▶ _Work to complete_:
What needs reproducing is the run of lines in the data below starting at the line with "White clog shoe" and ending at the line with "Introducing our versatile", both ends included. Copy it exactly, without pictures, and add nothing.

▶ _Supplied material_:
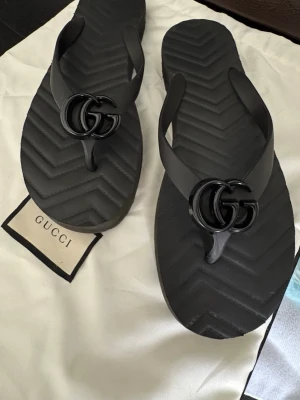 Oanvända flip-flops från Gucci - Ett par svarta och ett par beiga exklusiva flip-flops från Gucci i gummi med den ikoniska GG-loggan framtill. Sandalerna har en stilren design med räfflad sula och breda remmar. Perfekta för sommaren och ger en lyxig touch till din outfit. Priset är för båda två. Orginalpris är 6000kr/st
==
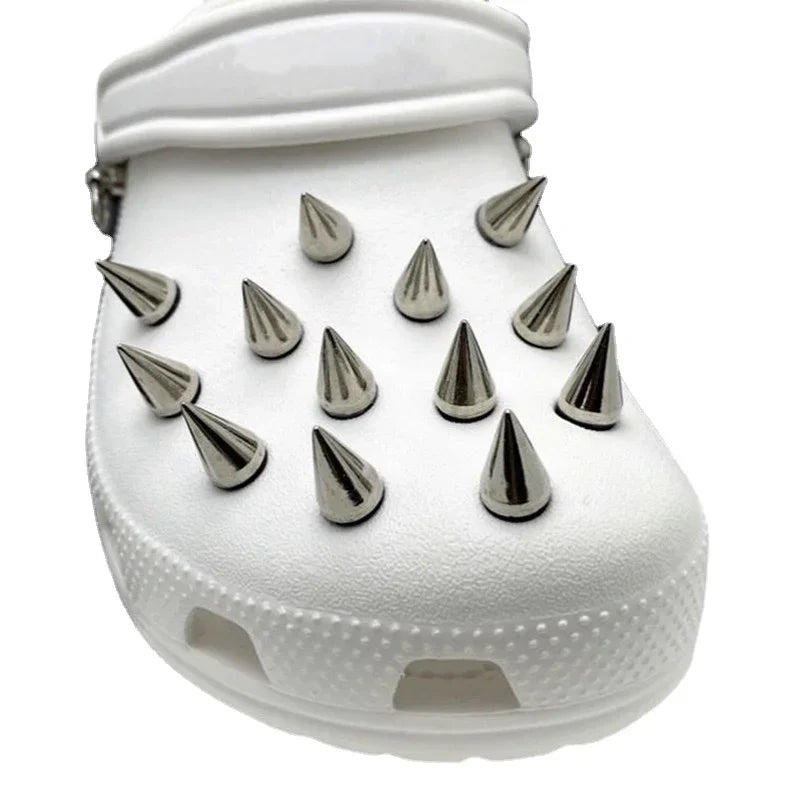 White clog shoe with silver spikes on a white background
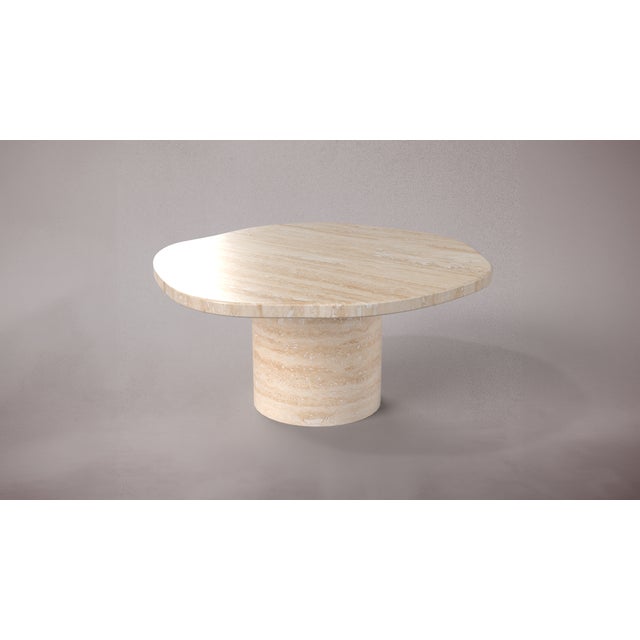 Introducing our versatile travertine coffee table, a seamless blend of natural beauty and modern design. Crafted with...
==
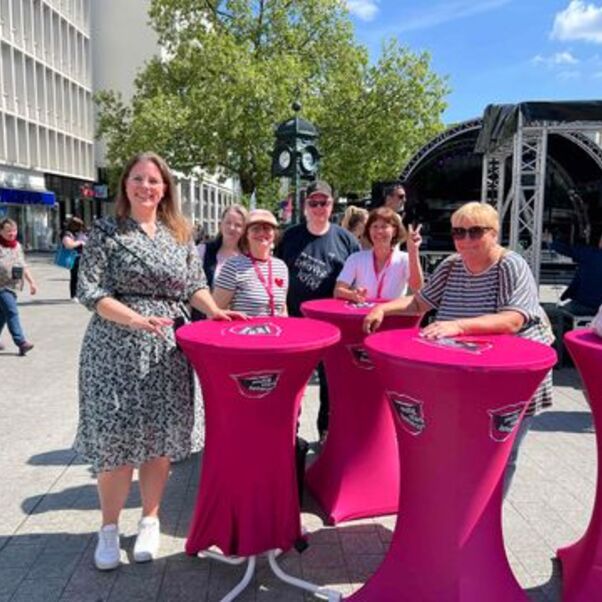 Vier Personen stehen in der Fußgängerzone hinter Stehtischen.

▶ _Result of the exercise_:
 White clog shoe with silver spikes on a white background
 Introducing our versatile travertine coffee table, a seamless blend of natural beauty and modern design. Crafted with...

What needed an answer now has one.